• [Problem to work on]:
Before you write out the listing, remove the pictures; everything else stays exactly as it is.

==== Provided material

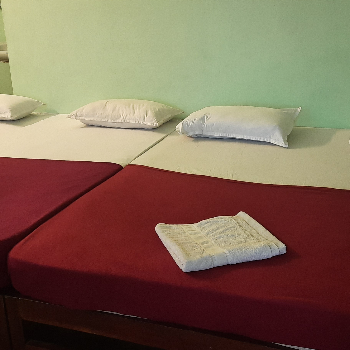 Discover Comfort and Convenience: The Perfect 4-Bed AC Room Experience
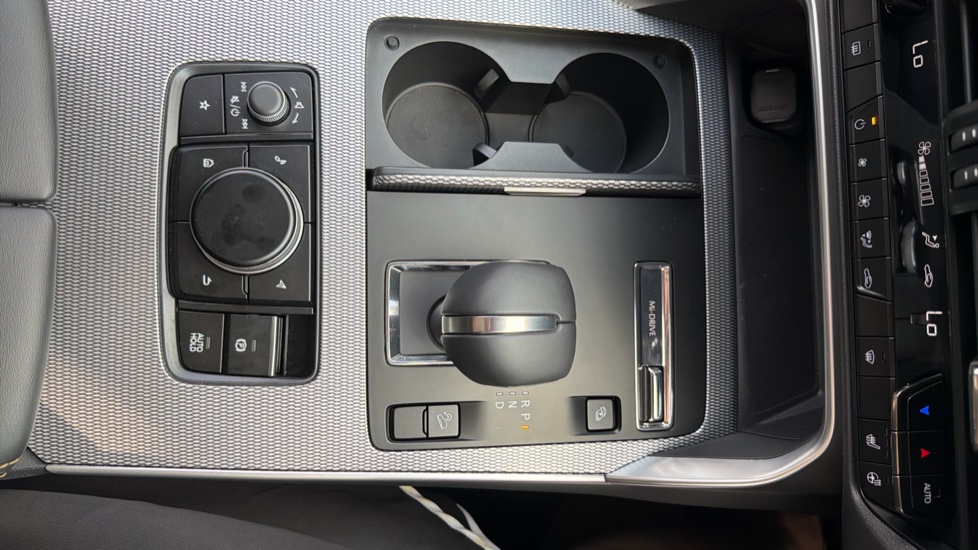 Mazda CX-60 2.5 PHEV Exclusive-Line 5dr Auto Estate - Image 32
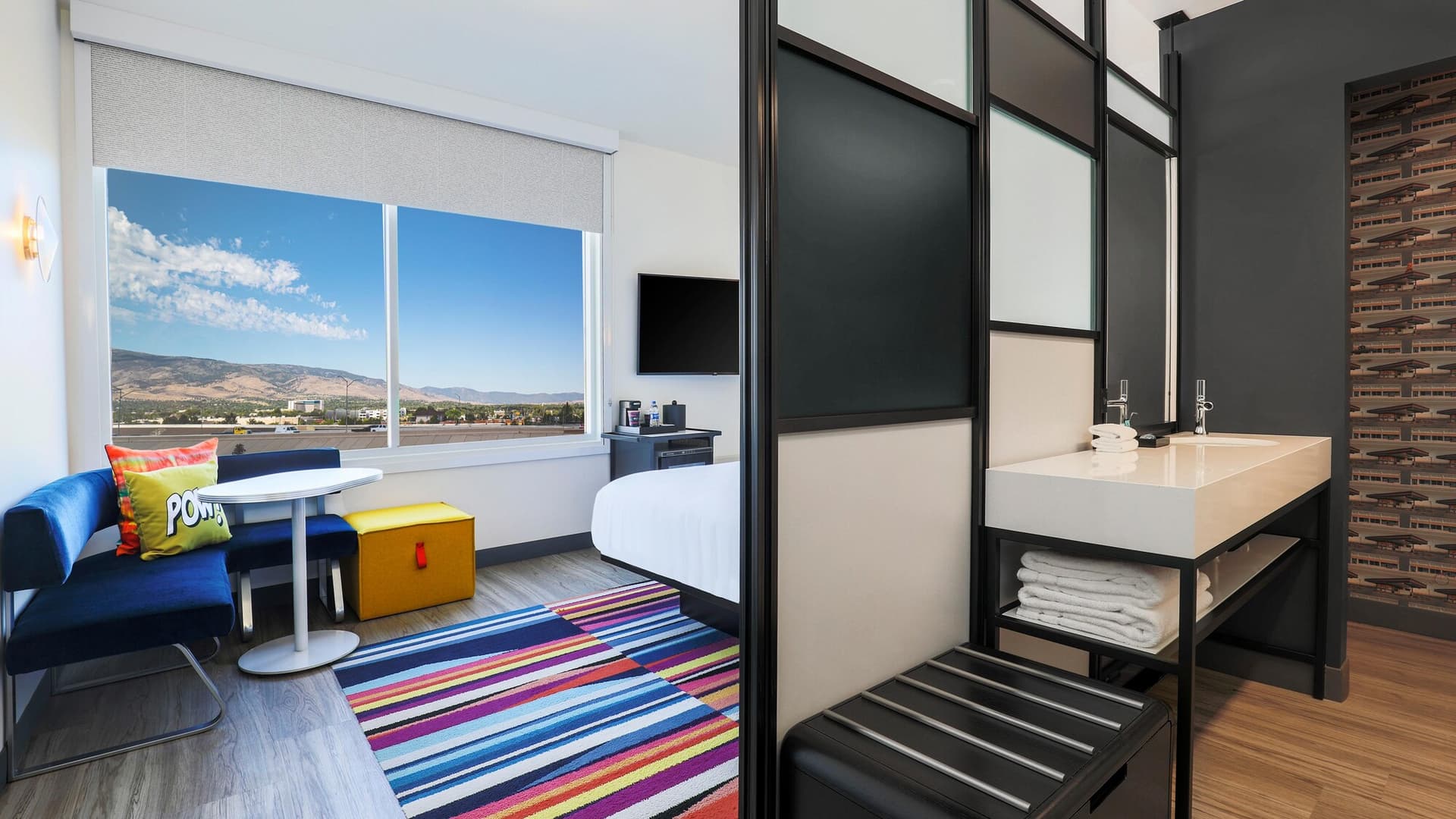Aloft by Marriott Reno Tahoe International Airport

========

• [Written reply]:
 Discover Comfort and Convenience: The Perfect 4-Bed AC Room Experience
 Mazda CX-60 2.5 PHEV Exclusive-Line 5dr Auto Estate - Image 32
Aloft by Marriott Reno Tahoe International Airport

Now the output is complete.